Line by line, set down all the data below exactly, omitting any picture.

-- Records for the task follows --

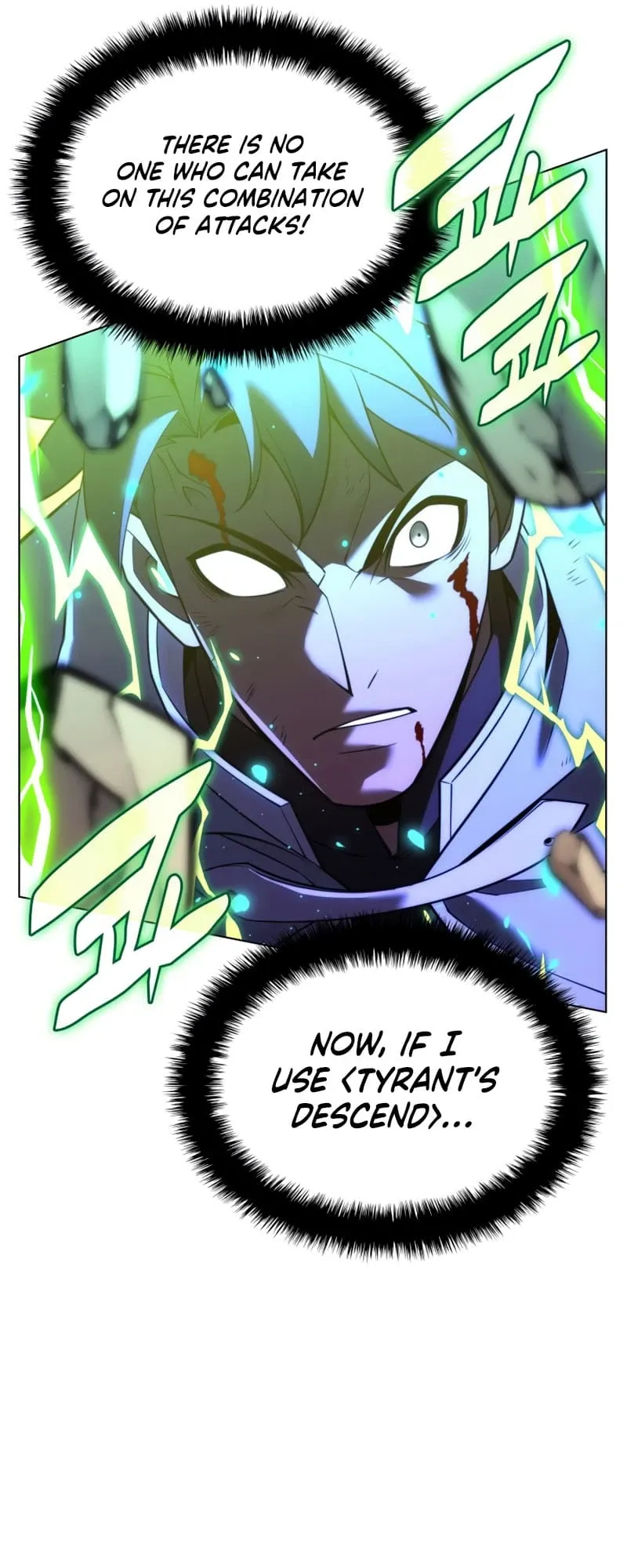 Overgeared Chapter 166 Page 52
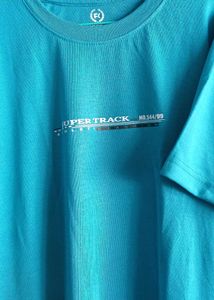 Men&#39;s cotton comfortable t shirt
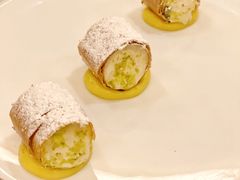 -北京金融街丽思卡尔顿酒店·意味轩 Cepe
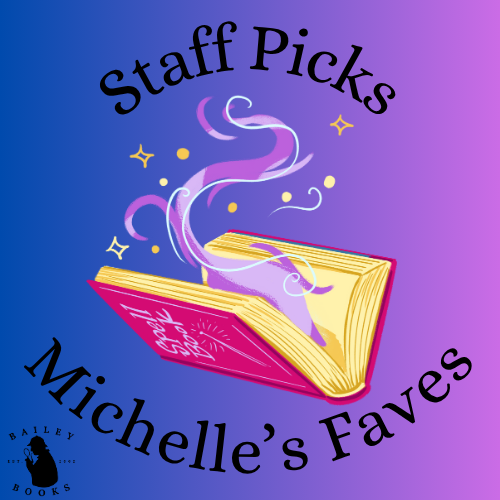 Michelle's Picks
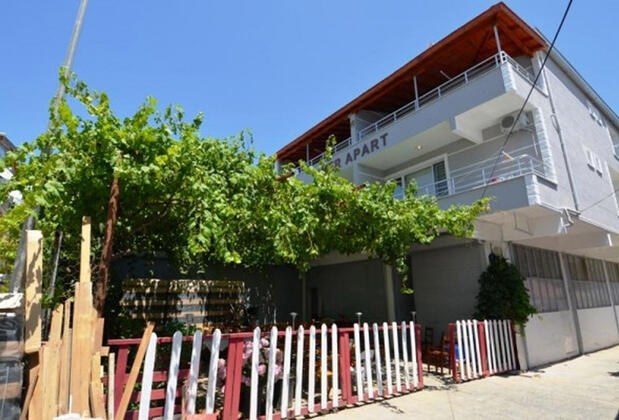 Mer Apart Pansiyon - Görsel 3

-- Records for the task concluded --

## Expected answer:
 Overgeared Chapter 166 Page 52
 Men&#39;s cotton comfortable t shirt
 -北京金融街丽思卡尔顿酒店·意味轩 Cepe
 Michelle's Picks
 Mer Apart Pansiyon - Görsel 3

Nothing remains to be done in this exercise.